→ **Problem details**: Look below for the line with "Go ahead and access". Retype it and every line after it to the end, exactly, but leave out the pictures.

→ **Records for this task**:
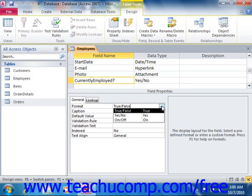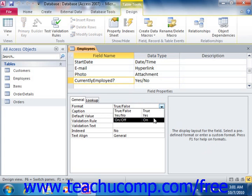Your options include True/False, with the logical true value being True. You could also choose Yes/No, with the logical true value being Yes, or On/Off, with the logical true value being On.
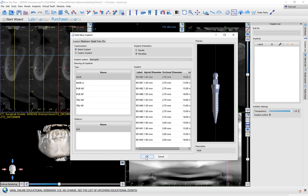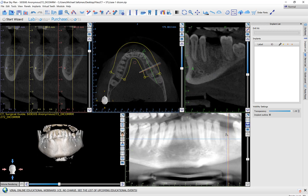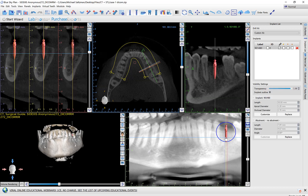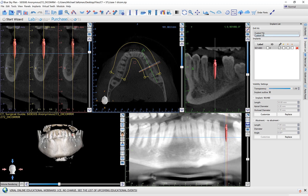If I go ahead and select an implant and randomly drop it in, now I am limited to the relevant drill kits. If there are no relevant drill kits in the software for this implant, then the option will go to custom kit automatically.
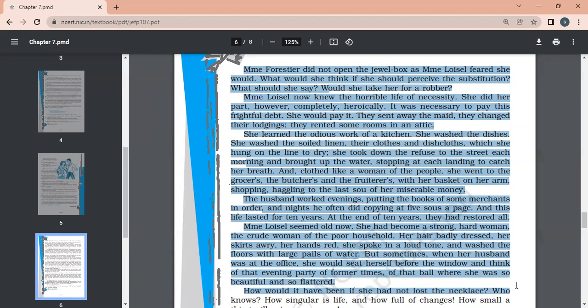And her hair badly dressed, her skirts awry, her hands red. Husband and wife are putting in efforts. But sometimes when her husband was at the office, she would seat herself before the window and think of that evening party, of that ball where she was so beautiful and so flattered. Now she's reminiscing that memory. How would it have been if she had not lost the necklace? Life is very unpredictable. A moment can change your life.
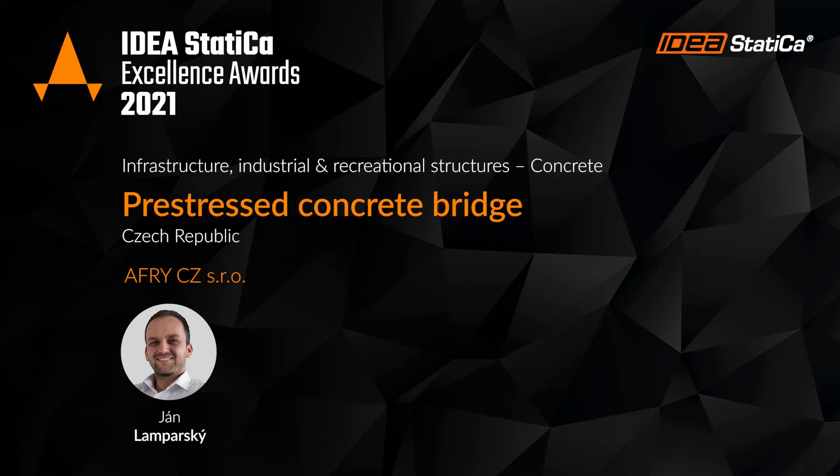My name is Jan Lamparsky and I work as a structural engineer at AFRI company.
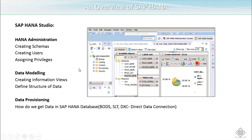In the modeling area, we can create information views and define the structure of the data. We can create different types of views in SAP HANA such as attribute views, analytical views, and calculation views. All of these come under data modeling.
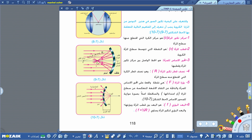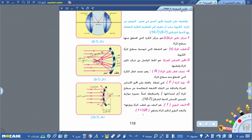البعد البؤري ونرمز له بالرمز f الصغير هو البعد بين قطب المرآة وبؤرتها. والبعد البؤري يساوي نصف نصف قطر التكور، أي: f = R/2، يعني يساوي نصف قطر الجزء الكروي.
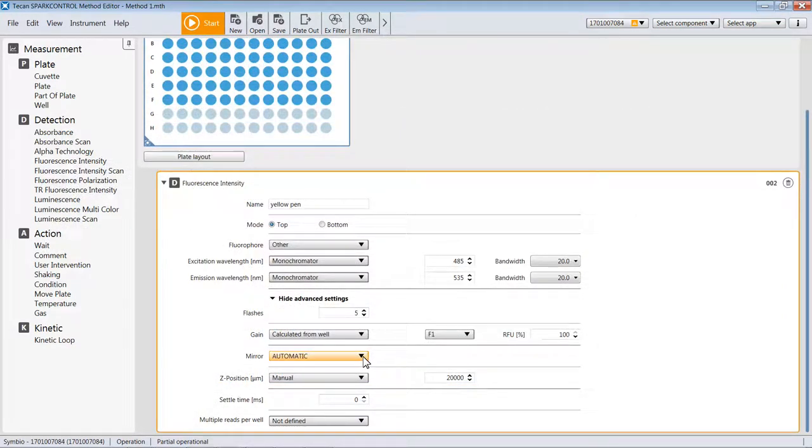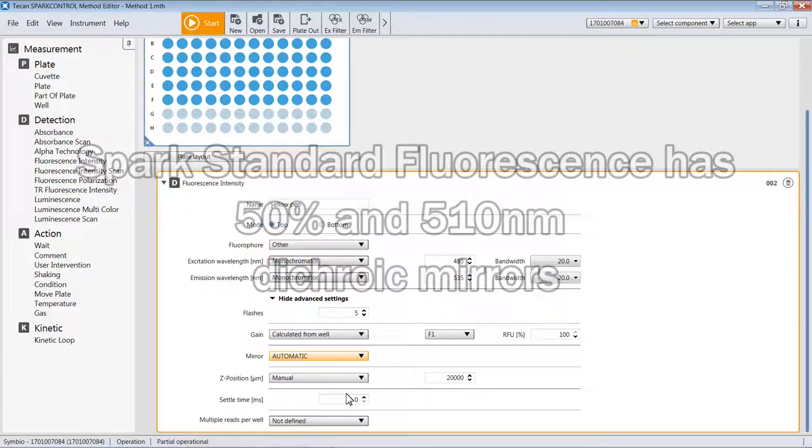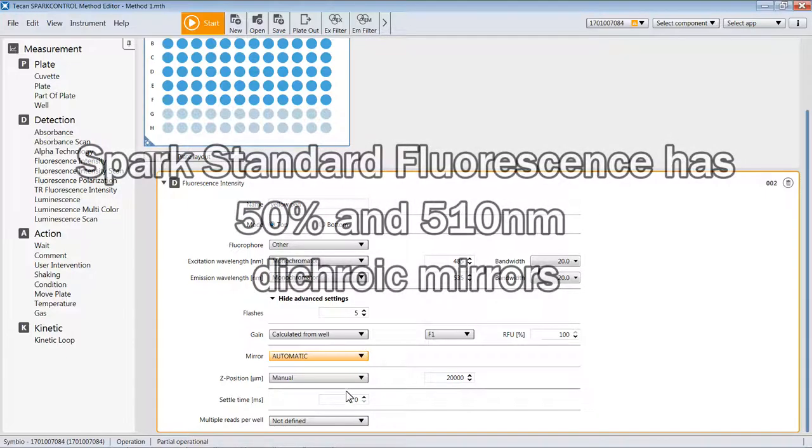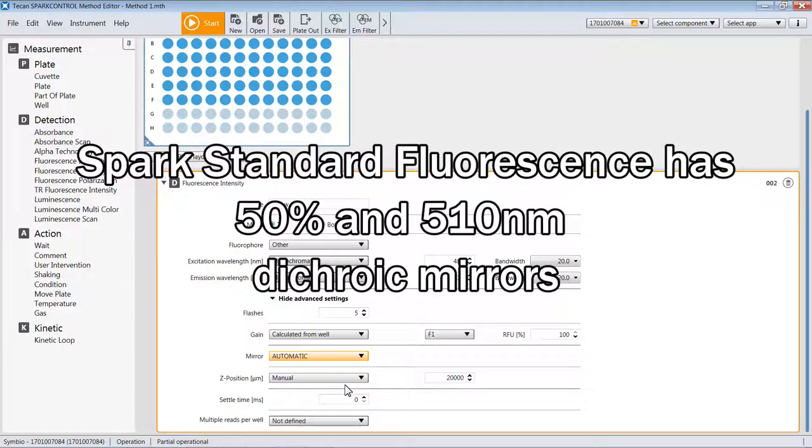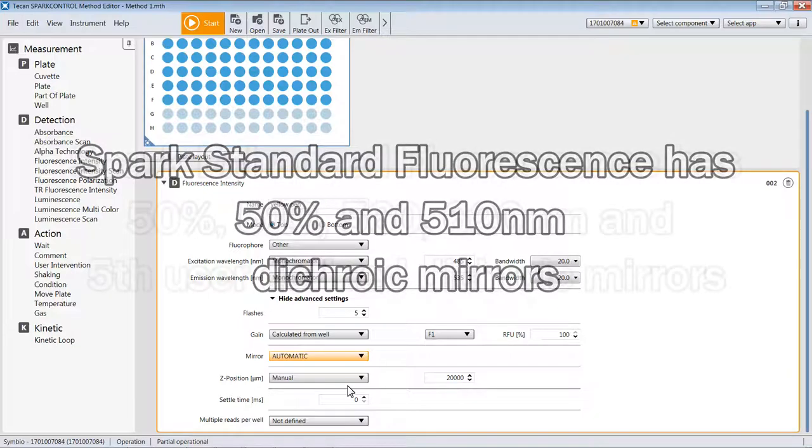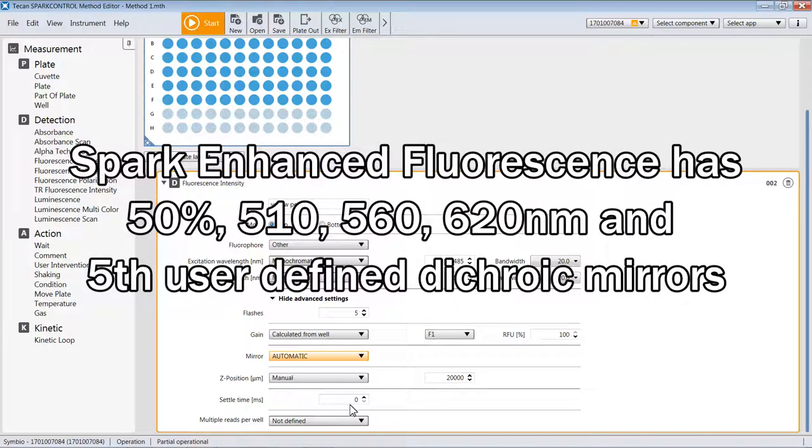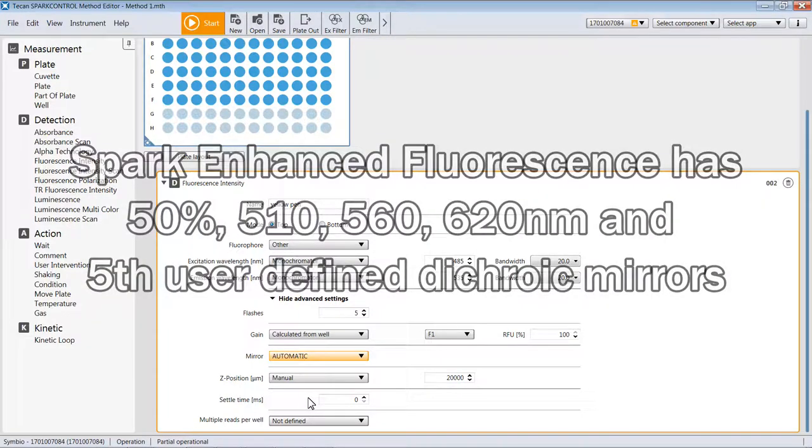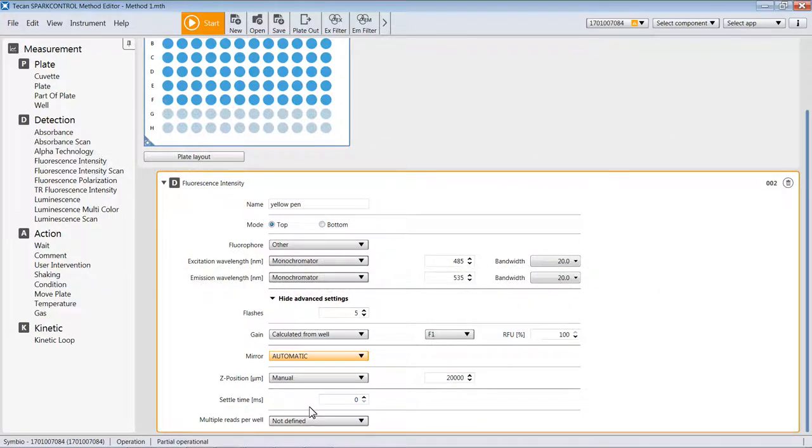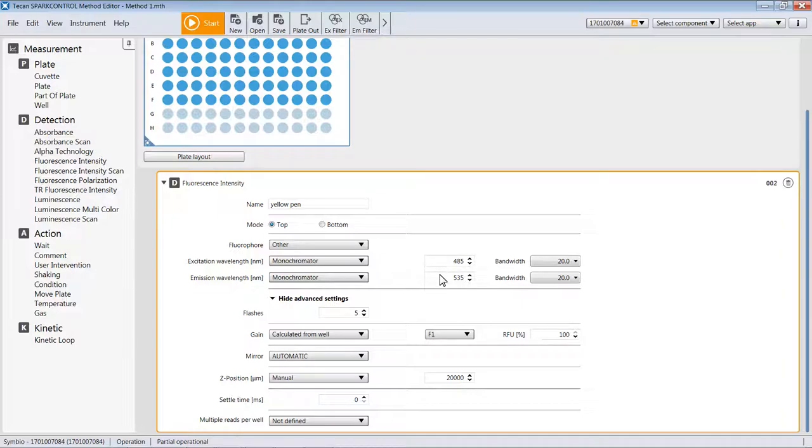On the Spark standard model, you will see that there's a choice of a 50% mirror and a 510 dichroic mirror. If you need an explanation of what dichroic mirrors are, please consult your TCAN manual or perhaps other videos. The standard model's got a 50% and a 510, whereas the model like this one with enhanced fluorescence optics has a choice of additional mirrors plus one user-defined mirror that you can insert and use to address other wavelengths within the range of the spectrum. For purposes of this example, I'm going to leave it out as automatic and let the reader decide which mirror to use for the wavelength settings that have been selected.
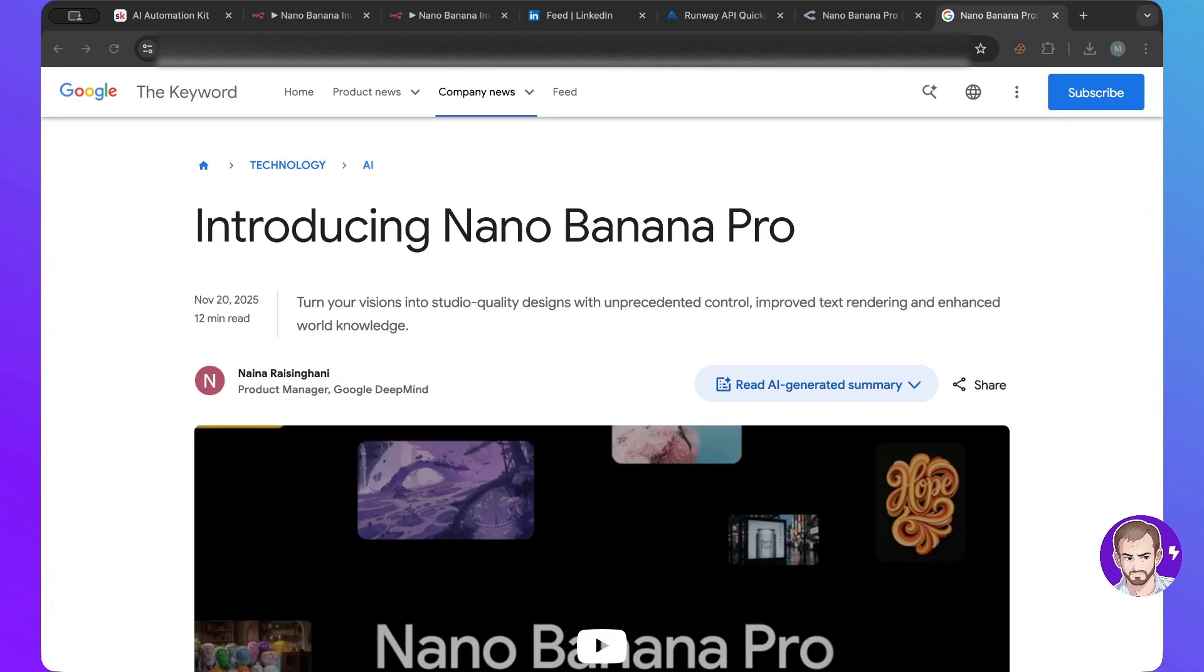Hello everyone and welcome to another lesson. Today I have great news, Nano Banana Pro has been released and of course we all know the Nano Banana, the standard one, the one that came out a while ago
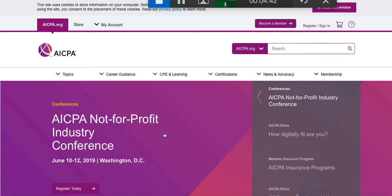On page 10, Exhibit 1-6, the textbook gives you the code of ethics for the Institute of Management Accountants. The CPA also has a code of ethics, and there are continuing education courses we take every year in ethics to stay up to date.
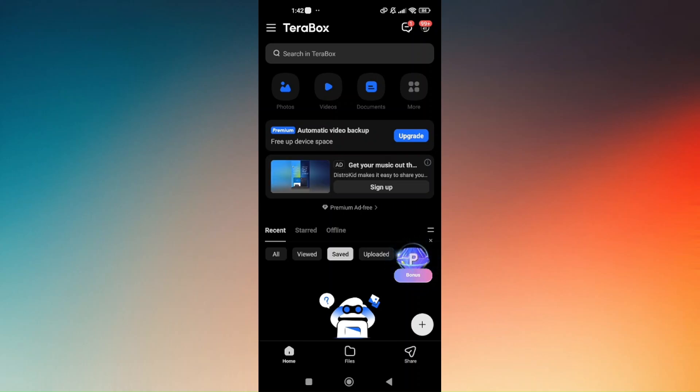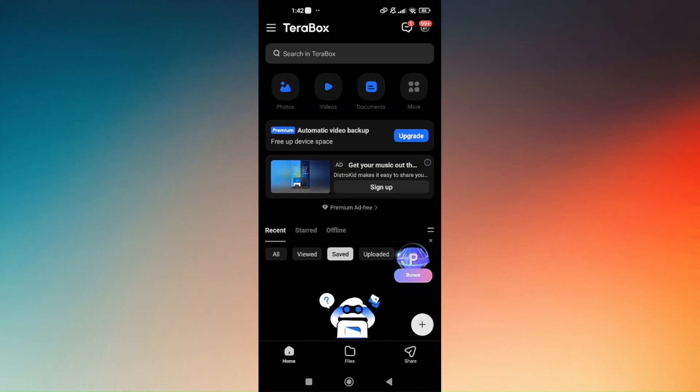Go ahead and access your TeraBox and make sure that your TeraBox has already been set up. Tap on the three lines at the top left portion of your screen, which they call the hamburger, and simply tap on that.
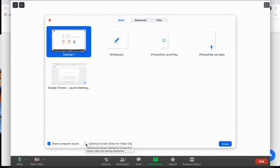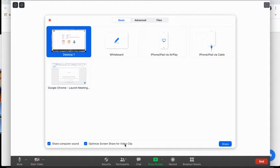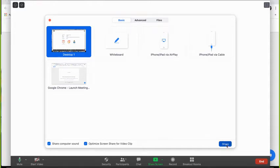and then you can also put a check in this one that says optimize screen share for video clip if you're planning on playing a video. Then you'll click share,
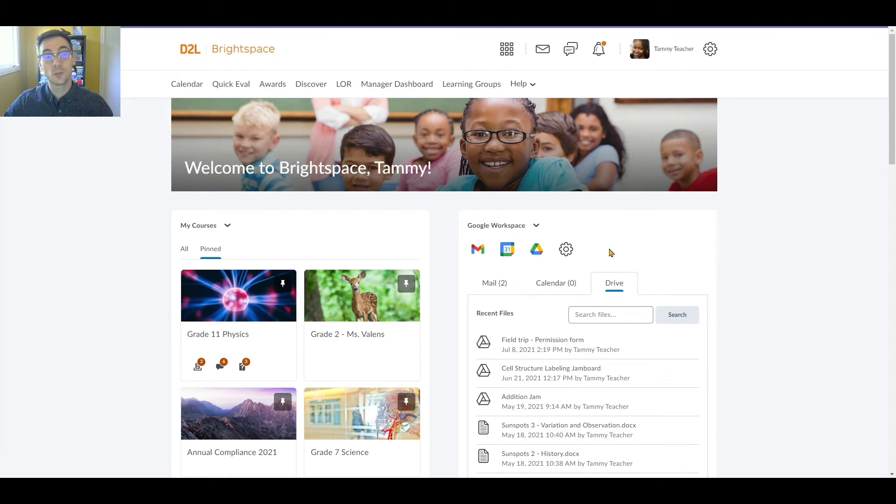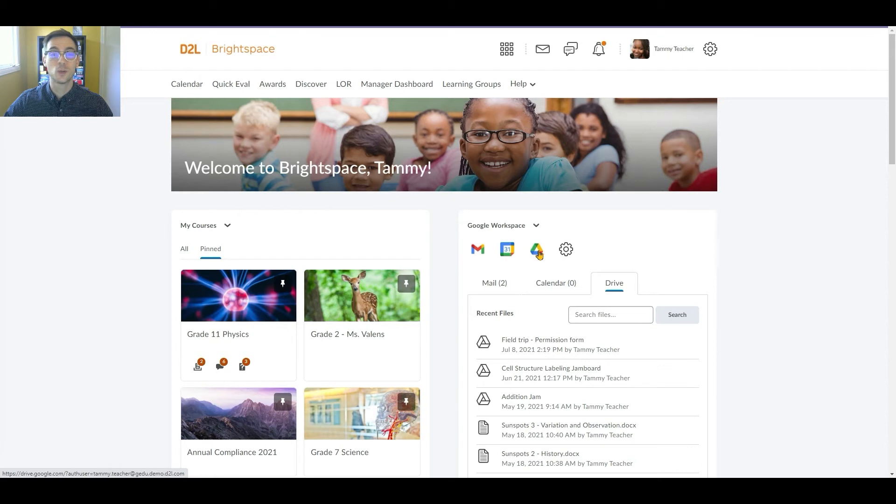If you'd prefer, however, you can click on each tool's icon above to open that tool in a new tab.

→ **Answer to the problem**:
Go ahead and access your TeraBox and make sure that your TeraBox has already been set up. Tap on the three lines at the top left portion of your screen, which they call the hamburger, and simply tap on that.
and then you can also put a check in this one that says optimize screen share for video clip if you're planning on playing a video. Then you'll click share,
If you'd prefer, however, you can click on each tool's icon above to open that tool in a new tab.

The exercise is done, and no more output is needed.